Although the analysis notes that "assessments by the Intergovernmental Panel on Climate Change (IPCC), based on the Climate Model Intercomparison Project (CMIP) model simulations suggest that a full collapse is unlikely within the 21st century," the study's authors "estimate a collapse of the AMOC to occur around mid-century under the current scenario of future emissions."

"We show that a transition of the AMOC is most likely to occur around 2025-2095," the paper states with "95% confidence."

https://www.alternet.org/weve-fallen-off-a-cliff/

We’re fuc*ed

Edited by JohnnyAbonny
Posted (edited)
24 minutes ago, JohnnyAbonny said:

We’re fuc*ed

Semi fic*ed

 

"So that brings us back to where we started. Yes, we have failed to prevent dangerous climate change. It is here. What remains to be seen is just how bad we’re willing to let it get. A window of opportunity remains for averting a catastrophic 1.5C/2.7F warming of the planet, beyond which we’ll see far worse consequences than anything we’ve seen so far. But that window is closing and we’re not making enough progress.

We cannot afford to give in to despair. Better to channel our energy into action, as there’s so much work to be done to prevent this crisis from escalating into a catastrophe.
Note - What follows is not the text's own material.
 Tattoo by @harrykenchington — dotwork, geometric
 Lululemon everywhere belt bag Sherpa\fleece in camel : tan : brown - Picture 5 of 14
If the extremes of this summer fill you with fears of imminent and inevitable climate collapse, remember, it’s not game over.

It’s game on."

 

Michael Mann, eminent climate scientist.

https://www.theguardian.com/commentisfree/2023/jul/19/heatwave-climate-omen-change-course-weather-models

I volunteered all winter feeding at a salmon hatchery, van. island. there are people there who have spent sixty years working on this project.  we released the fish into a few streams. yesterday we were asked to get ready to move them, by buckets, cause the one of the streams has dried up, due to record low rainfall. 

very disturbing.  how awful to see your life work, selflessly spent helping others, destroyed for the sake of billionaire oil company owners like the kochs. who are investors in Alberta I think.

Edited by Mark F
Posted (edited)

It is hard not to lose all optimism regarding our future climate. To get into a mental space of despair is easy with all the news and projections. I've shared it before, but one book that helped me have some optimism is The Ministry for the Future by Kim Stanley Robinson. It is science-based fiction, but it is well researched and shows a fictional account of how climate disasters, some of which we are seeing already, can cause huge changes in behaviour (which we are not seeing).

Unfortunately we are experiencing the hottest temperatures recorded and we are actually seeing some regression from climate pledges. P&G have recently cut their forestry pledge (Focus: P&G drops forest pledge, drawing ire of green groups, investors | Reuters) and other organizations are going back on carbon neutral pledges. I am hugely skeptical of any corporate announcements of carbon neutral by 2050 pledges. Both because it is too little too late, but also because it is easy to take the advantages of those announcements and then walk them back as it becomes obvious that it is too financially lucrative to abandon them.

Edited by WildPath
Posted

The only thing that gives me hope is that when the world went into a form of lockdown for COVID, some noticeable climate repair was suggested pretty quickly, showing that the planet has the capability of healing itself if humans can stay out of the way. So the planet can be saved, the question is if it will exterminate humans first to get there.

Posted
1 hour ago, TrueBlue4ever said:

The only thing that gives me hope is that when the world went into a form of lockdown for COVID, some noticeable climate repair was suggested pretty quickly, showing that the planet has the capability of healing itself if humans can stay out of the way. So the planet can be saved, the question is if it will exterminate humans first to get there.

I have zero hope any real action will be taken, take a story as serious as the one posted below, then go read the hundreds of disparaging comments left by idiots in denial.  People who are willing to make the necessary changes for the betterment of the eco-system and life on earth are surrounded by selfish fucktards who aren't. 

https://www.cbc.ca/news/world/heat-round-up-1.6918191

Waters off the coast of Florida as hot as a hot tub.